On Sat, Dec 04, 2004 at 08:03:45PM +0300, Alexey Trofimenko wrote:
: P.S.
: btw, what about
:
: my @rray;
: # i'm starting to like that "sigil is a part of name" idea :)
Too cute. But what about %ash and &unction? Or is it &ubroutine? &losure?
: for 1..10 {
: {
: push @rray, \( state $calar )
: }
: }
:
: say @rray[0] == @rray[1]
:
: what is the scope of state vars exactly? Common sense tells me that it
: should be exactly the same as i've shown in second snippet above.. and
: latter snippet would say undef.. so C<state> is just a syntactic sugar for
: C<my>, which also allow us to remove redundant outer block. is it?
No, it's not syntactic sugar for a C<my>. It's semantic sugar for
an C<our>. The semantic sugar is that, while C<our> is a lexically
scoped alias to a global, permanent package variable, C<state> is a
lexically scoped alias to a unique, permanent, anonymous variable.
You could implement C<state> using C<our> with an autogenerated and
hidden package variable name, for instance.
If C<state> were based on C<my>, it would lose its value when you exited
the current routine. The whole point of a C<state> variable is that it
never loses its state regardless of the control flow.
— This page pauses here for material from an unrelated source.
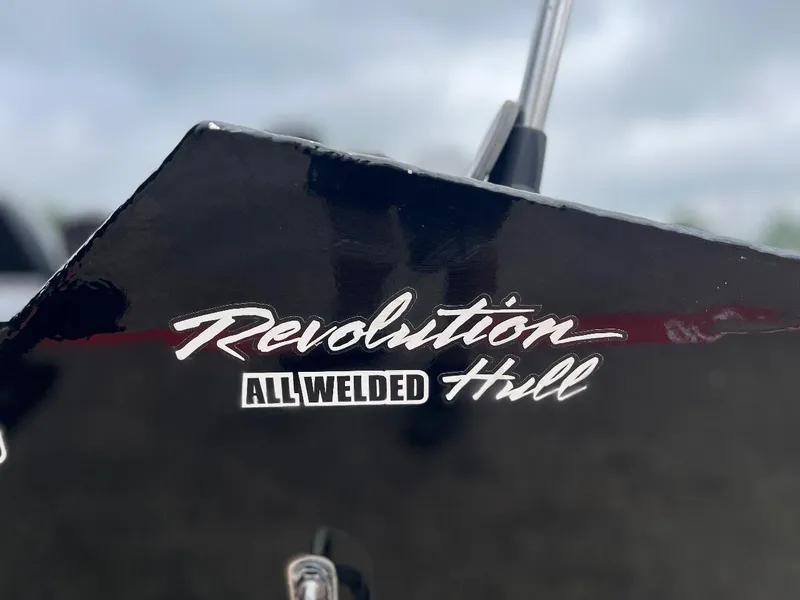 Slide: The Image of 2018 Tracker Pro Team 190 boat with Revolution all-welded hull. - 48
In general, any C<state> declaration refers to a single, permanent storage
location. I say in general, because if you clone a closure, you get a
separate state location for each clone, in which case a single C<state>
declaration represents multiple states. In that sense it's a little
more like C<my> than C<our>.
: P.P.S. ah, offtopic. I've forgot, are bare self executing blocks outlawed
: now? we have an ambiguity otherwise:
: sub test {
: ...
: { #some bare block
: ...
: }
: }
:
: looks like test() could return that block as closure in scalar context,
: but would execute it immediately in void. wow:)
: I should reread apocalypses, definitely..
You have to say C<return {...}> or some such if you want to return
a closure.
: >Perl 5 already stores all the lexicals in the pad for the entire
: >subroutine. There is no separate pad for the inside of the loop.
: >Any differences in performance would be related to the actual
: >reinitialization of the lexical, not allocation.
:
: hmm.. looks like heavy magic is involved here. Because perl5 makes a
: feeling that every _block_ has it's own lexical pad. so, does it mean that
: my $vars deallocated only on exit from surrounding subroutine, not from
: nearest surrounding block? my experience show opposite, but I could be
: wrong..
: (or I just misunderstood conception of lexical pads)
It looks like every block has its own lexical pad because entries
in the sub's pad are tagged with the range of statements over which
the declaration is valid. But C<my $vars> is *not*, repeat *not*,
deallocated on exit from the subroutine. Only the variable's
*contents* are deallocated (and that only if there's no external
reference generated to the data). If you call a function recursively,
it generates a new pad for each recursion level. On exit, that stack
of pads is *not* deallocated, on the assumption that if you called a
function recursively once, you're likely to do it again, and why do
all that work again?
It's kinda funny to watch the Parrot folks reinventing a similar scheme.
(Er, no pun intended. Really!)
Larry